An oceanic plate contains rocks that have a lot of water in them (not surprisingly). This water is not just sitting in the pore space of sediments, but it is bound into the crystalline structure of the minerals that make up the oceanic crust, as water.
When the oceanic plate reaches depths of about 100 kilometers during subduction, temperatures and pressures become large enough that the water bound in the minerals becomes unstable and is released into the mantle. Water enters the mantle (where no water was before) and lowers the melting temperature of the mantle rocks, so small amounts of rock begin to melt where an oceanic plate is subducting.
This melt then rises through the crust and generates volcanoes at the surface.

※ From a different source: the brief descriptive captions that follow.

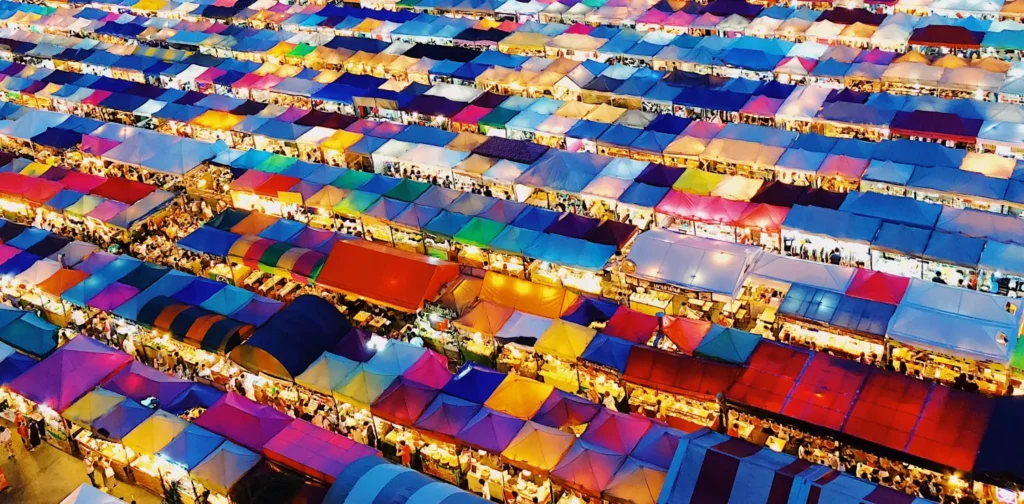 foto udara pedagang pasar jalanan di Thailand.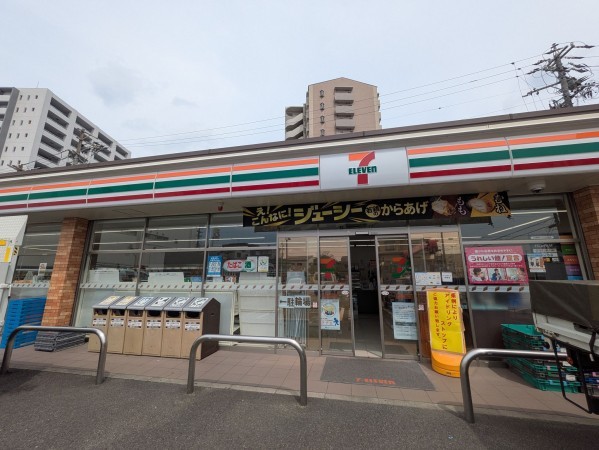 名古屋市千種区谷口町、マンションのコンビニ画像です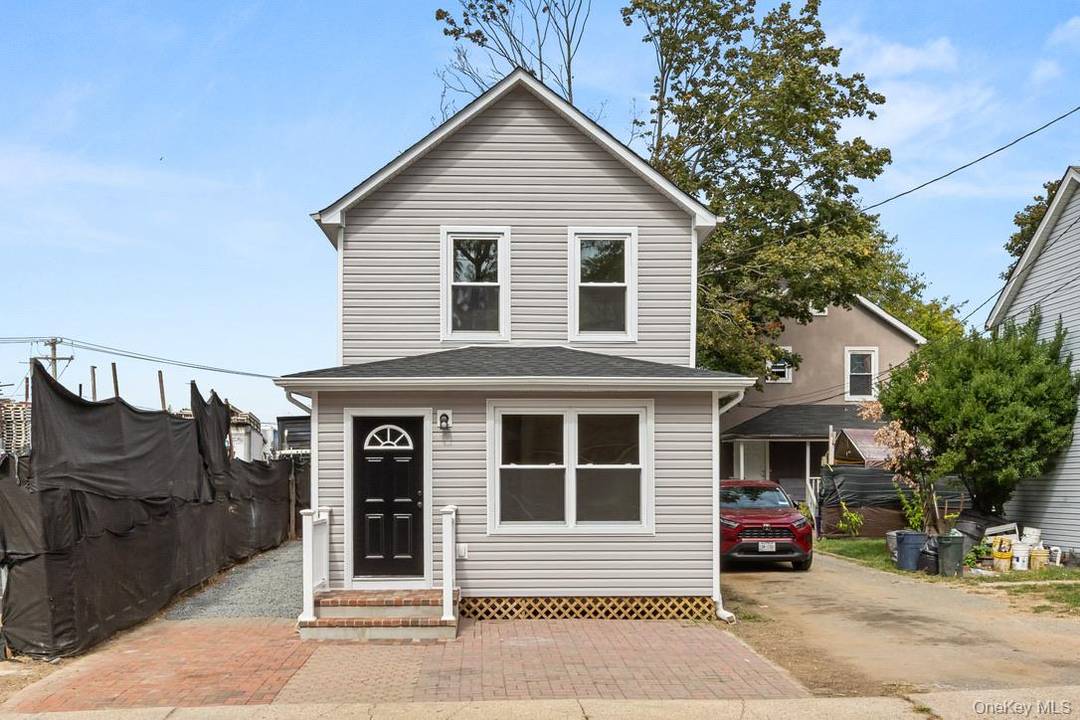 In the heart of Hempstead lies 31 Grove St.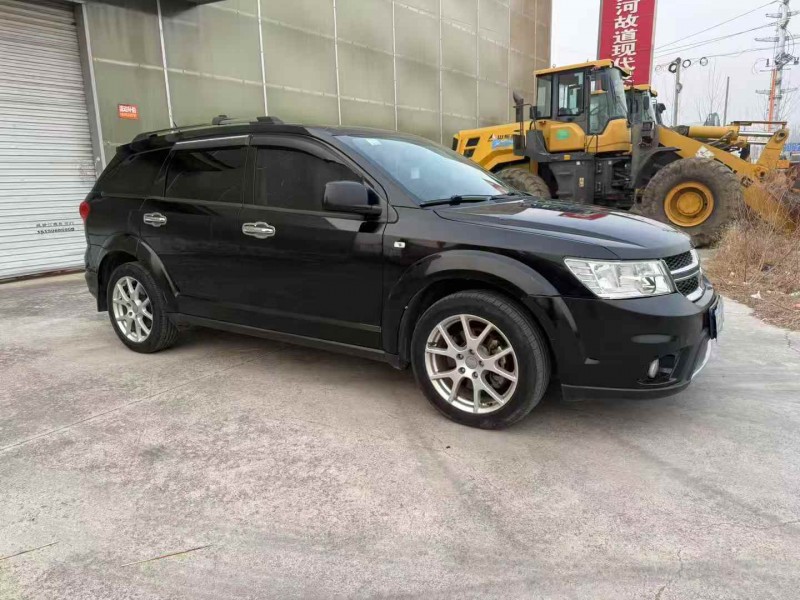 徐州16年道奇酷威3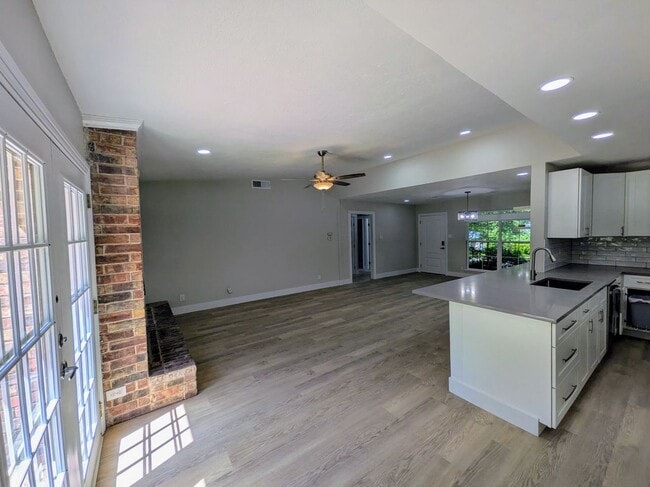 Foto del edificio - 9705 Marlborough Dr
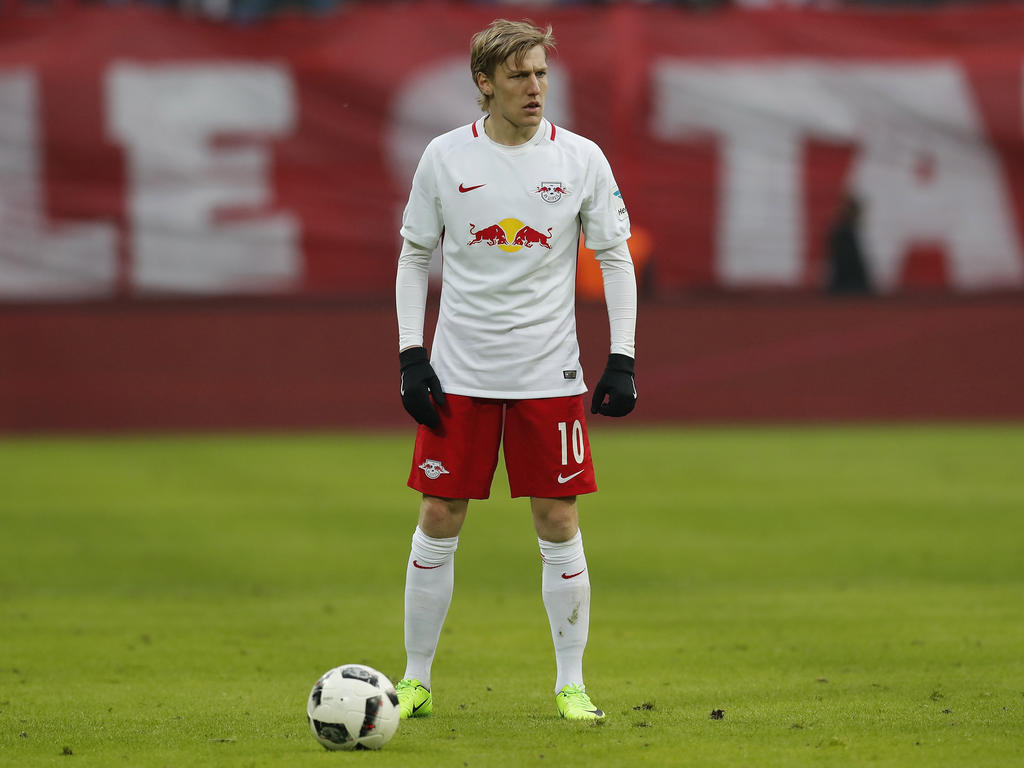 Emil Forsberg wird auch in der kommenden Saison in Leipzig spielen Emil Forsberg wird auch in der kommenden Saison in Leipzig spielen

These are known as subduction volcanoes, or arc volcanoes, and every active subduction zone has a chain of volcanoes generated by the addition of water to mantle. For example, in Japan, the Pacific Plate is subducting under Asia; in Chile, the Pacific Plate is subducting under the South American plate; and in the northwest United States, the Juan de Fuca Plate is subducting beneath the North American Plate (creating volcanoes like Mount St. Helens).
Although subduction volcanoes dominate Italy’s west coast, it’s largest and most active volcano is not related to subduction. Mount Etna is located in eastern Sicily and stands over three kilometers (11,000 feet) above the ocean. It is one of the most active volcanoes in the world, spewing ash, lava, and gas nearly as often as Mauna Loa in Hawai’I (which erupts, on average, every 3.5 years).
So how do scientists know that it is not an arc volcano, even though it is so close to a subduction zone?
The chemistry of the lavas.
Geochemists analyze the chemical make-up of lavas erupted all over the world to determine their origin. For example, magnesium and iron are found deep in the mantle while potassium and quartz are only found in the crust. Mount Etna’s lavas are rich in Magnesium and Iron, but also have a lot of potassium.
So where is the lava coming from? We are collaborating with geochemists at the National Institute of Geophysics and Volcanology (INGV) in Catania, Sicily to try to figure out just that. Tomorrow we climb up Mt. Etna to look at its most active caldera (responsible for lava flows in 2008 and explosions earlier this year) to learn about Etna’s history and talk about why this immense volcano is even there.